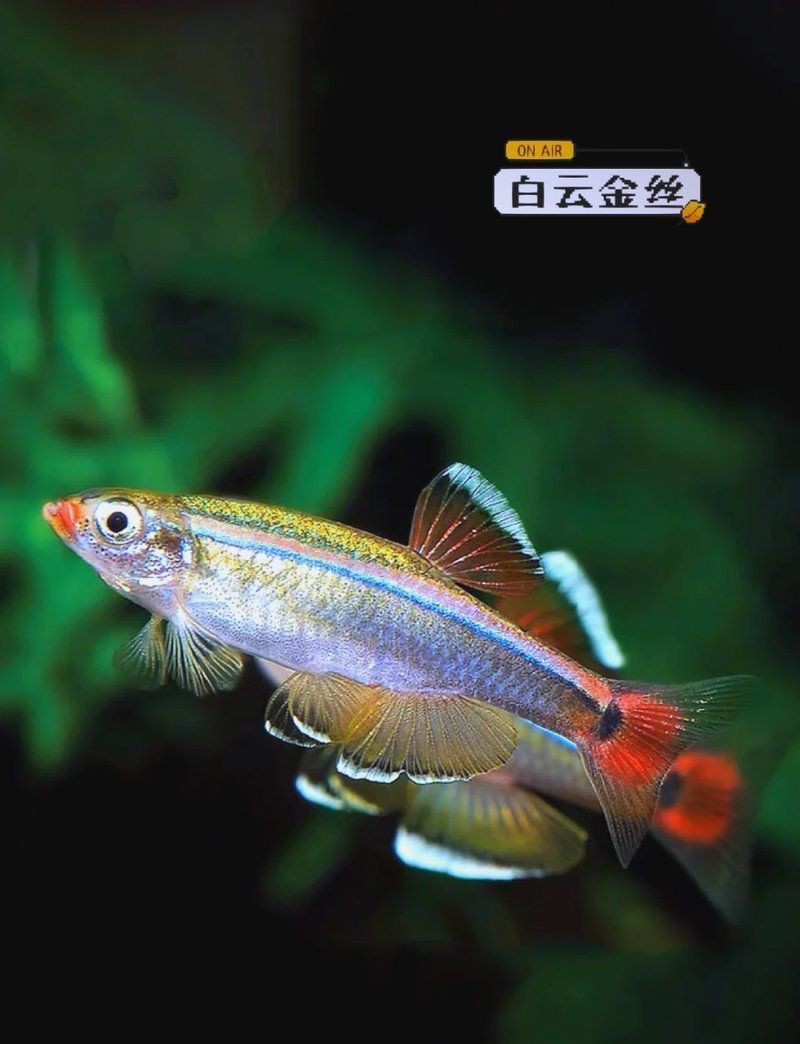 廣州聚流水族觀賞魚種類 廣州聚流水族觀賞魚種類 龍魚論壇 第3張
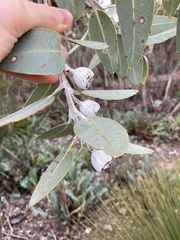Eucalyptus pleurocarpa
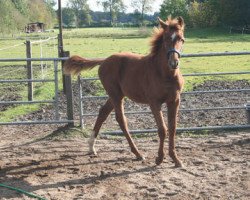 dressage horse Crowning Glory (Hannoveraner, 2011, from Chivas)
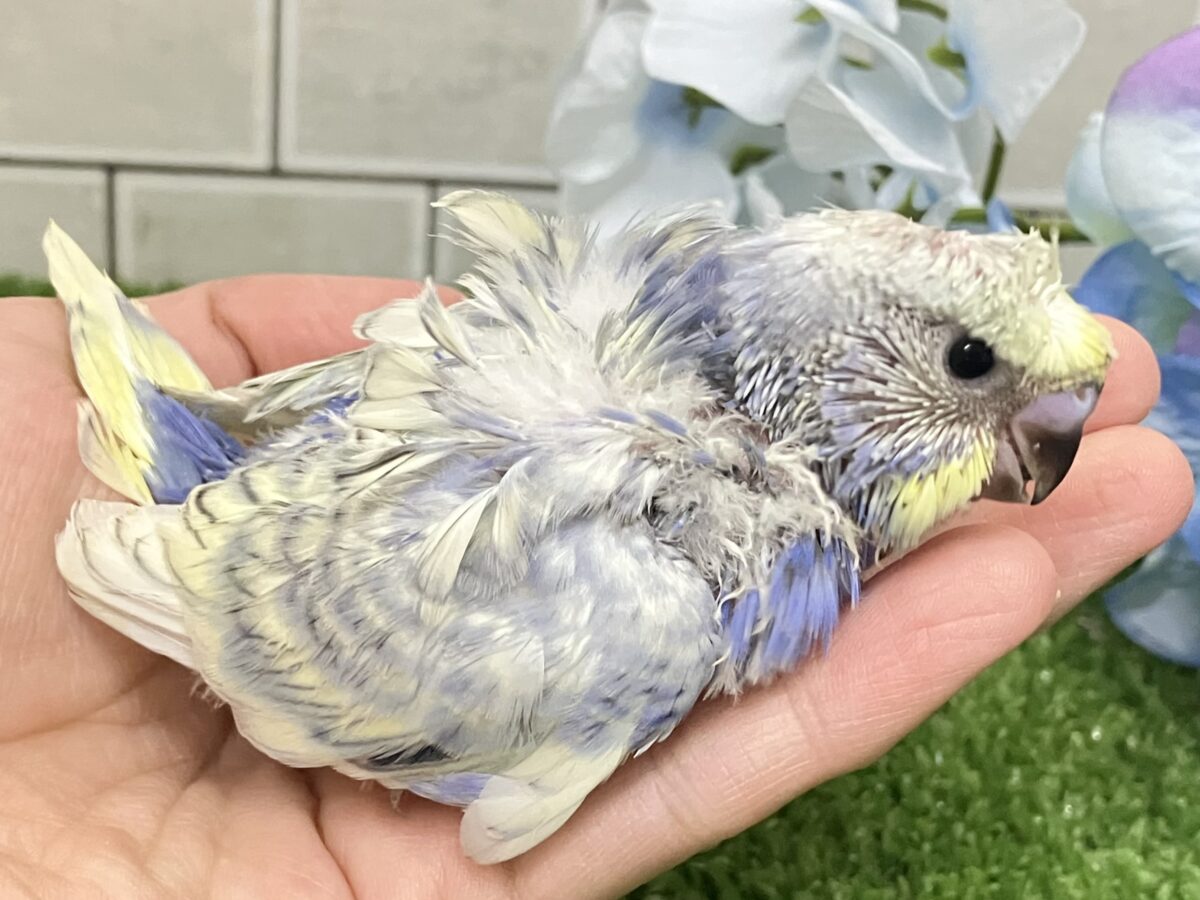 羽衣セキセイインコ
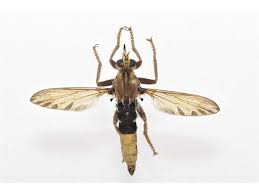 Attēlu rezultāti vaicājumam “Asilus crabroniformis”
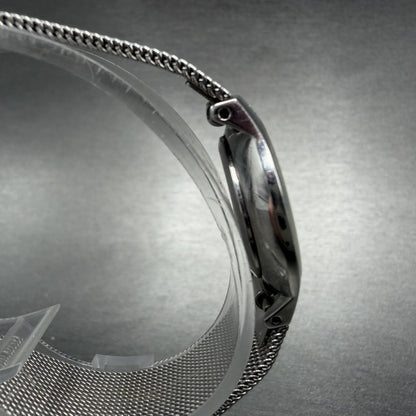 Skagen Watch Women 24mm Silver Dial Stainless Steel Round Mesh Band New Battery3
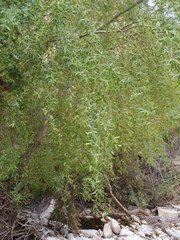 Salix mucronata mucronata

___

Exercise brief: Leave out the pictures and repeat exactly the lines from the one containing "Attēlu rezultāti vaicājumam" through the last line of the entries.

Task result:
 Attēlu rezultāti vaicājumam “Asilus crabroniformis”
 Skagen Watch Women 24mm Silver Dial Stainless Steel Round Mesh Band New Battery3
 Salix mucronata mucronata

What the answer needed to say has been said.